● **What you will do**:
Print the listing below exactly, images excluded.

BEGIN Given data

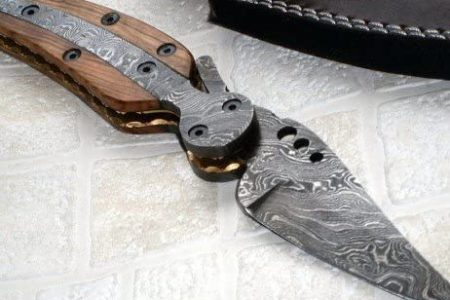 FN-41 Custom Handmade Damascus Steel Folding Knife
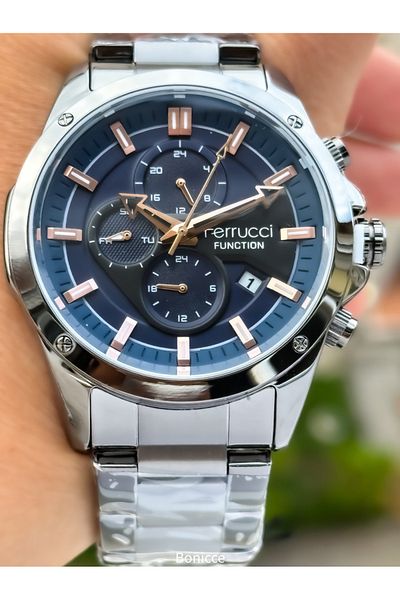 Ferrucci Brand Functions Active Smoke Color Steel Cord Men's Wrist Watch + Rosary Bracelet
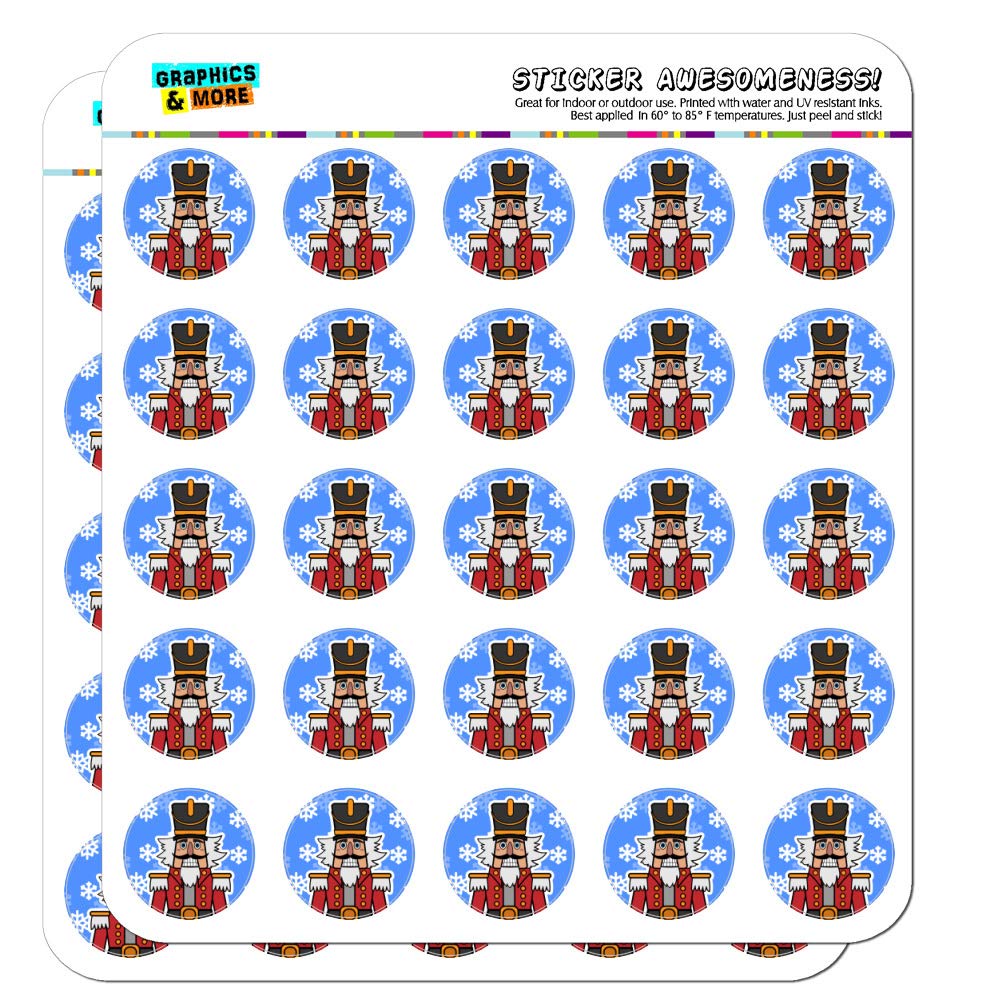 1 Inch Grinning Nutcracker Soldier with Snowflakes Planner Stickers - Opaque Scrapbooking Decals for DIY Calendar, Journaling & Craft Projects - Perfect for Holiday Cards, Bullet Journals & Christmas Scrapbooks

END Given data

● **Result for this exercise**:
 FN-41 Custom Handmade Damascus Steel Folding Knife
 Ferrucci Brand Functions Active Smoke Color Steel Cord Men's Wrist Watch + Rosary Bracelet
 1 Inch Grinning Nutcracker Soldier with Snowflakes Planner Stickers - Opaque Scrapbooking Decals for DIY Calendar, Journaling & Craft Projects - Perfect for Holiday Cards, Bullet Journals & Christmas Scrapbooks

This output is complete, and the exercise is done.